I live in a city that’s relatively bereft of tourist sensations. That’s not to say that Dallas doesn’t have a lot of reasons to visit. It’s just that most of us learned a long time ago that you have to keep the fun stuff on the QT, or else it’ll be overrun by SMU brats and subsequently ruined. Music, art, fun things to do outside…when the horsefaces and hipsters show up, it’s all over. This is why Dallas’s official attractions consist of proving that George Romero was directing documentaries and explaining why our official slogan is “Aside from that, Mrs. Kennedy, what do you think of Dallas?” These keep the Cokespoon Contingent busy, mostly so they don’t notice that the rest of us are going to Fort Worth.
Because of this, we don’t tend to express surprise when locals and tourists haven’t heard of a particular offbeat attraction.

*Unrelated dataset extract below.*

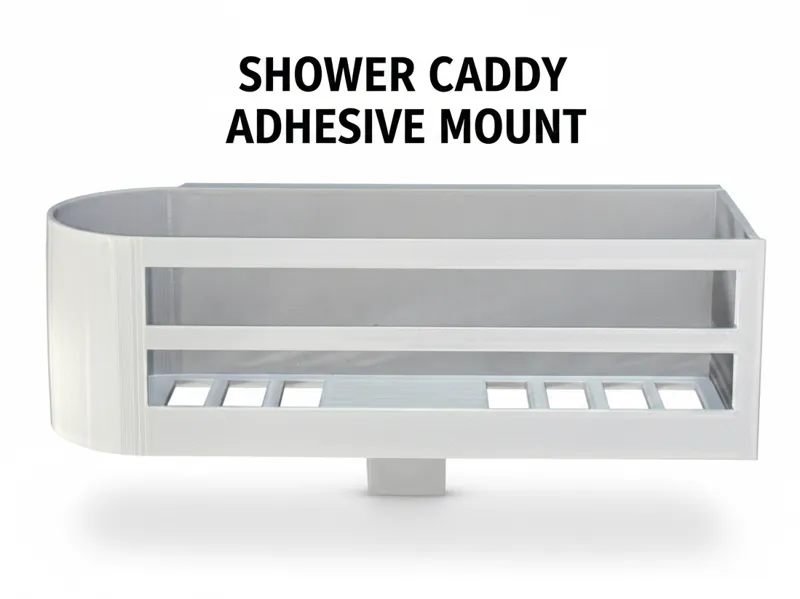 Shower Caddy with Integrated Adhesive Mount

Or at least we try not to do so. For instance, when the Czarina calls me at work to tell me about some new and intriguing event, I don’t scream “Oh. My. GOD. You didn’t know about this?” Instead, I simply point out that I tried to tell her about it three weeks earlier, but that my voice apparently had more of an annoying mosquito buzz than usual. That’s perfectly reasonable, and I don’t blame her in the slightest. (Saying anything else usually leads to tears, concussions, and the Czarina rubbing her elbows and grumbling “Your head gets harder every single day, you know that?”) We only save derision and incredulity for real cluelessness, such as those who assume that Jack Ruby’s Carousel Club is still going.

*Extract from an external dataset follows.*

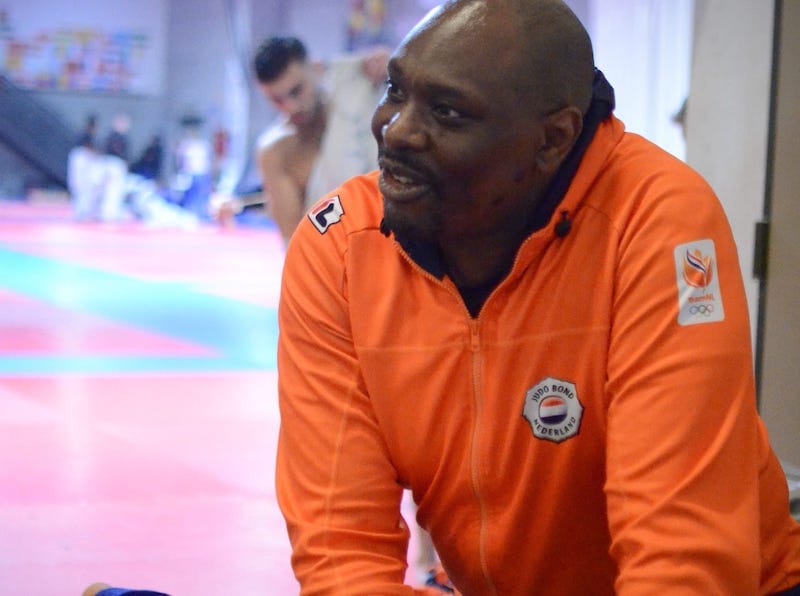 Pic showing Kevin Carvosso working at a judo tournament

This is why I wince when I share with local friends the discovery of something well outside, such as the Garden Museum in London. Out here, the snort of “I can’t BELIEVE you didn’t hear about this” is the province of the horseface. Besides, do you have any idea how many of us dedicated Texas gardeners would set fire to a bus full of paraplegic nuns for the opportunity to see a museum dedicated solely to 400 years of gardening history, much less enter it?
Yes, we now have yet another reason to visit Mother England. The only other option is to start up our own gardening museum on this side of the Pond. I’ll definitely get involved…the moment I discover, perfect, patent, and license the 78-hour day.